Я тянула их за руки и ругала себя последними словами: «Зачем я сюда приехала! Только вот успокоилась – и на тебе, снова-здорово! – Но в душе шевельнулись угрызения совести. Не от них я устала, а от своих глупых поступков. Не соверши я их, возможно, ничего такого и не было бы». От несогласия с собой и с происходящим мысли метались и путались: «Для полного комплекту только папаши-графа не хватает. Если и он сейчас нам встретится, да в своем обычном „развеселом“ состоянии, то я окончательно поверю, что этот дом для меня – просто адова яма. Все здесь только и мечтают лишить меня рассудка! Не дождетесь! Не поддамся я вам, никогда! С достоинством выслушаю тебя, Лиза, с графским высокомерием буду взирать на происходящее!»
В холле было по-прежнему тихо, и я вздохнула с облегчением: «Есть все-таки Бог на свете!» Распоряжаясь по-хозяйски, я усадила Надин и Лизу на диваны.

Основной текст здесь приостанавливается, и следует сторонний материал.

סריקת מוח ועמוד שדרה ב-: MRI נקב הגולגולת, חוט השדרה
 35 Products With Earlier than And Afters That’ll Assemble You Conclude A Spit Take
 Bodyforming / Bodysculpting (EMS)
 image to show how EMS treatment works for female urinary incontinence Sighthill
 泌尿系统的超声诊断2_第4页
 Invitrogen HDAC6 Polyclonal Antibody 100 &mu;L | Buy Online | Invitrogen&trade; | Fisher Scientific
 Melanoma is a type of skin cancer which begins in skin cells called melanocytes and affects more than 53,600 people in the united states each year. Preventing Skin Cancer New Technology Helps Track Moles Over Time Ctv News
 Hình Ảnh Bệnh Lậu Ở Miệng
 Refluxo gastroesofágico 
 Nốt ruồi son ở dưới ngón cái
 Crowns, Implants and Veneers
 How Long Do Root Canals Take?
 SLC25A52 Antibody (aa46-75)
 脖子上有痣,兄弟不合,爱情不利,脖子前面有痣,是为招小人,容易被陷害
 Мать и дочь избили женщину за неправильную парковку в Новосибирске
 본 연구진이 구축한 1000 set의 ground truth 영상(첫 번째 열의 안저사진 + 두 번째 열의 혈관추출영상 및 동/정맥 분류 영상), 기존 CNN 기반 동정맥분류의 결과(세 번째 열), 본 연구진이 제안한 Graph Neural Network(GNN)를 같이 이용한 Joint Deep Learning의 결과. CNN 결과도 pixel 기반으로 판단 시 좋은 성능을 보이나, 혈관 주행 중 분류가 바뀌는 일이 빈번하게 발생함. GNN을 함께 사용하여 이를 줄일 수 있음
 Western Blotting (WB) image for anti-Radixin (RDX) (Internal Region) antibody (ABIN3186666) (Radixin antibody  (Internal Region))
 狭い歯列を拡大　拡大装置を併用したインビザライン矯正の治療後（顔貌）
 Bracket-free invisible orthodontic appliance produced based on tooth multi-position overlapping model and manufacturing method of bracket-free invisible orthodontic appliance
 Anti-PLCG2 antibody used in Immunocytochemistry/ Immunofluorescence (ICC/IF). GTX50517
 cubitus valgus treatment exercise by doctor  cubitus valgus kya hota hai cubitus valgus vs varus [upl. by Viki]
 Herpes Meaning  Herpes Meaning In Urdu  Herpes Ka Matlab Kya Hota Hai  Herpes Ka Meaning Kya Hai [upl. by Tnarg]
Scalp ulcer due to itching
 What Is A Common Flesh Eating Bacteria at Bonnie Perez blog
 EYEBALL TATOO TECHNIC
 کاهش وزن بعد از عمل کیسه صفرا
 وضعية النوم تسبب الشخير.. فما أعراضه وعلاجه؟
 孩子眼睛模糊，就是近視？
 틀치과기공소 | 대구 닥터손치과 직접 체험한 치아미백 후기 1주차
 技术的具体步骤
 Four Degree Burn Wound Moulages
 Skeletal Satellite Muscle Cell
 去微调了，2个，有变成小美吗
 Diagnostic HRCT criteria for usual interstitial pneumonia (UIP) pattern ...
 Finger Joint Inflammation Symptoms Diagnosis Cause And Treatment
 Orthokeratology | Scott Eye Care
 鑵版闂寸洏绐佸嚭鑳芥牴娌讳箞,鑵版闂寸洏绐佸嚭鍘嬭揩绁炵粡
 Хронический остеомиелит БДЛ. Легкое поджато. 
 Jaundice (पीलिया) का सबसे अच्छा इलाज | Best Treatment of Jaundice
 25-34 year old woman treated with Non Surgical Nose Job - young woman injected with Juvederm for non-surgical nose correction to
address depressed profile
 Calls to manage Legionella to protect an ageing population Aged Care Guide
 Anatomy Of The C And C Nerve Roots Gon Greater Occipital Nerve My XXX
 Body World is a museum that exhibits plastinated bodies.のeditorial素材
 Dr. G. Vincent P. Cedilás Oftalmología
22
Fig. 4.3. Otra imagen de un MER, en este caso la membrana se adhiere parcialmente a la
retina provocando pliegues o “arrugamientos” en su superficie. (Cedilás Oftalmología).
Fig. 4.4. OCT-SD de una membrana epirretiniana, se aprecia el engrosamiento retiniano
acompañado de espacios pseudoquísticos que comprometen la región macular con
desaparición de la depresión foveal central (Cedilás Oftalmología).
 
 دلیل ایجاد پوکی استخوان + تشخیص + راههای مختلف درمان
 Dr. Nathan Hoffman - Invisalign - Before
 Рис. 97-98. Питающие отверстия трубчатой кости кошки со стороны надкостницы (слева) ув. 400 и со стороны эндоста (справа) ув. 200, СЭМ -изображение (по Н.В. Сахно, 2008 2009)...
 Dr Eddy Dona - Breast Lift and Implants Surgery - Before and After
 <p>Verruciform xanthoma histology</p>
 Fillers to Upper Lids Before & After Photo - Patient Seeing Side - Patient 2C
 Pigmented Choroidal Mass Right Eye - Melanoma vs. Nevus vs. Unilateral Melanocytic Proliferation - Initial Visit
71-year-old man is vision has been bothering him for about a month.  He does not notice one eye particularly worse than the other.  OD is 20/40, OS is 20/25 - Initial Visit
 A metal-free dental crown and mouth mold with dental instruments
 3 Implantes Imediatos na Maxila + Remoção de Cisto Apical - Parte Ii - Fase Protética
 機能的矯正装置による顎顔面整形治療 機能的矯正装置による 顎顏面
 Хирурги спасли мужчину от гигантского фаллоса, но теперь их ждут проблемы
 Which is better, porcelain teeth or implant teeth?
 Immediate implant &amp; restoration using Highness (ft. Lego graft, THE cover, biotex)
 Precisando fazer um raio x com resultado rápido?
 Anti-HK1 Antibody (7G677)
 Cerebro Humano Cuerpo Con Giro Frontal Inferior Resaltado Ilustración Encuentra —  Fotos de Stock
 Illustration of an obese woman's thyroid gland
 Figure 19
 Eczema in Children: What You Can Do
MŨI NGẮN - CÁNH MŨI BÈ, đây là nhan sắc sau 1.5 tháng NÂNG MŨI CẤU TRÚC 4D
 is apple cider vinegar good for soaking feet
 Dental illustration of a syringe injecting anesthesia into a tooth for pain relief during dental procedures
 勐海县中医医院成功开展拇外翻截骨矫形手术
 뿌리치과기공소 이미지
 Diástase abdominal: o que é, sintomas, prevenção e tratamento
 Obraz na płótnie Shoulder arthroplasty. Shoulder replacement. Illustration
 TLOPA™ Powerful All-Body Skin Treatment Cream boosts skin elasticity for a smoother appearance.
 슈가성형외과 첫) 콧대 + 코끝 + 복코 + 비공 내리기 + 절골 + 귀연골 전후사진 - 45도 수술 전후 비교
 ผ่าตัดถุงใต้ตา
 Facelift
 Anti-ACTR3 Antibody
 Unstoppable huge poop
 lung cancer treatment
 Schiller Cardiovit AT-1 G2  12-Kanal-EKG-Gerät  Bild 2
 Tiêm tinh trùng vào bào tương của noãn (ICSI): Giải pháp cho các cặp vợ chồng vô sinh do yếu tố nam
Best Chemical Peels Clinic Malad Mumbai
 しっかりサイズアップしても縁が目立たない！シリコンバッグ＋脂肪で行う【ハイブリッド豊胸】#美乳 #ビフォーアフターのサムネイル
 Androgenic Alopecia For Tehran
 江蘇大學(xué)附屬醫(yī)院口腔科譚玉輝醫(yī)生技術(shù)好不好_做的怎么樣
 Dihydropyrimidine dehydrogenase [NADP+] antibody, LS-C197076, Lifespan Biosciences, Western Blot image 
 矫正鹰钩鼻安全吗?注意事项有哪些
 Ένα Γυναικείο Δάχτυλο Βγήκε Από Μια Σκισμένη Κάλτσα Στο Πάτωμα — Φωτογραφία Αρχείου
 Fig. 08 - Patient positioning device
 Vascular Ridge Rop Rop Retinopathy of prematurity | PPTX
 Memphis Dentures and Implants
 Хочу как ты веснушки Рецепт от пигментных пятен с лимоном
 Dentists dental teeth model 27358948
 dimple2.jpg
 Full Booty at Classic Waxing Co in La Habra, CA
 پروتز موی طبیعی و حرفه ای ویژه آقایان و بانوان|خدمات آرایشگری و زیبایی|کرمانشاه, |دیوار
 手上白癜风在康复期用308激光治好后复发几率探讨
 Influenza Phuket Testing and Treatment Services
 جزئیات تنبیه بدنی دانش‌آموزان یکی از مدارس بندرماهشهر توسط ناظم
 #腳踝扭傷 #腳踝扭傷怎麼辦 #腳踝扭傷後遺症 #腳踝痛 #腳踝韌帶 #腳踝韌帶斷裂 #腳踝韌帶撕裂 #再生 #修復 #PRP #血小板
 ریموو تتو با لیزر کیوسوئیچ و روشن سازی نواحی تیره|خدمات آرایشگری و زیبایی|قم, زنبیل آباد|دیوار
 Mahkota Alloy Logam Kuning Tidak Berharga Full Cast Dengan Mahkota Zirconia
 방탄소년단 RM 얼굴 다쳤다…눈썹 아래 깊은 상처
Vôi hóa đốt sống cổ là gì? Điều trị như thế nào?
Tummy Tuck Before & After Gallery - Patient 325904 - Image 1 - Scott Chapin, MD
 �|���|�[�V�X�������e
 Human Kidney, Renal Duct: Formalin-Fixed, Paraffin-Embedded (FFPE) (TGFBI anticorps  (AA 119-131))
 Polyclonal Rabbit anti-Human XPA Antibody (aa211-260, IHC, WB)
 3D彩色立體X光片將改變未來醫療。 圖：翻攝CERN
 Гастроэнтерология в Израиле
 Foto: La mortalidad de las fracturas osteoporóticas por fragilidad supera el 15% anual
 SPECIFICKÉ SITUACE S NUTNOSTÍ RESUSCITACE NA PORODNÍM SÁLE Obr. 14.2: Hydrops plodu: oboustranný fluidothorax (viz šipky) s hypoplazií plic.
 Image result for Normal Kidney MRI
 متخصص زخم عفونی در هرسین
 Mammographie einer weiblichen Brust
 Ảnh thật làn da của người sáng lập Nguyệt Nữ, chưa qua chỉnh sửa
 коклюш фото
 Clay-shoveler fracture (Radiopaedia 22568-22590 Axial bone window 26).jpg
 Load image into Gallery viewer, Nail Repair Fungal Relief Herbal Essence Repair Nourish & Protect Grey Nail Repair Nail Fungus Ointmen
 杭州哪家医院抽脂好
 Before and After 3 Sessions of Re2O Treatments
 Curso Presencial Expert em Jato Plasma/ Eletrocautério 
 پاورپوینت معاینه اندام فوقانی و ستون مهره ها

Девушки безропотно подчинялись. Надя, оглядываясь, растерянно крутила головой.
– Сиди здесь и никуда не уходи.
Подойдя к Лизе, я вновь схватила ее за руку.
– Пойдем-ка, голубушка, в твою комнату, переоденемся и поговорим.
Она покорно подчинилась.
Усадив Лизу на кровать, я накинула на дрожащую и стучащую зубами бедняжку покрывало, чтобы она хоть немного согрелась. Мне не терпелось услышать ее признание, эмоции переполняли меня, и я без толку ходила из угла в угол, совершенно не чувствуя холода. Я бы даже сказала, мне было необычайно жарко, так что я не обращала никакого внимания на мокрую одежду. Казалось, исходящий от тела жар в два счета высушит на мне платье. Я ждала, когда Лиза начнет говорить, но она никак не могла решиться. Потеряв терпение, я больно ущипнула ее за руку.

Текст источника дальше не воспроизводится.